INPUT FOR THIS TASK
......

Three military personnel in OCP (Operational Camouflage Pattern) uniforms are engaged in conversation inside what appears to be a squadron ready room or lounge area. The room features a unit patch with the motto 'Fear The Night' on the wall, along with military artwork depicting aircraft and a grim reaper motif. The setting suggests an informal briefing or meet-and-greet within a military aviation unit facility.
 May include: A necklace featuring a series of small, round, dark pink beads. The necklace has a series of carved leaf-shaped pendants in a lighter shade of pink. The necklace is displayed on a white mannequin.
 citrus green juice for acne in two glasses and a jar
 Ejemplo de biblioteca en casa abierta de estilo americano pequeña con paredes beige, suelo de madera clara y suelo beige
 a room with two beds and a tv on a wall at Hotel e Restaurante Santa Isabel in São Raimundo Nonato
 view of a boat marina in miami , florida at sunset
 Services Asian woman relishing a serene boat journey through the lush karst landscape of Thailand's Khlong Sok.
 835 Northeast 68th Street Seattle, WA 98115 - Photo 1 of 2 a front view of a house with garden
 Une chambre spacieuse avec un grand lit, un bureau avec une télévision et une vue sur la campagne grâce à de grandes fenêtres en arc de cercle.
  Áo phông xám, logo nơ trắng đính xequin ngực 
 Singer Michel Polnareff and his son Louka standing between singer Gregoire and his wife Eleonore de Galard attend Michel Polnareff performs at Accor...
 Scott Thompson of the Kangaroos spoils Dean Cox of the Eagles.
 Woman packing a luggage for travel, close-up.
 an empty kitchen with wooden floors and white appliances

......

WHAT YOU WILL DO
Please transcribe exactly the line containing "Woman packing a" and every line after it through the end of the records, and nothing else.

REPLY TO THE TASK
 Woman packing a luggage for travel, close-up.
 an empty kitchen with wooden floors and white appliances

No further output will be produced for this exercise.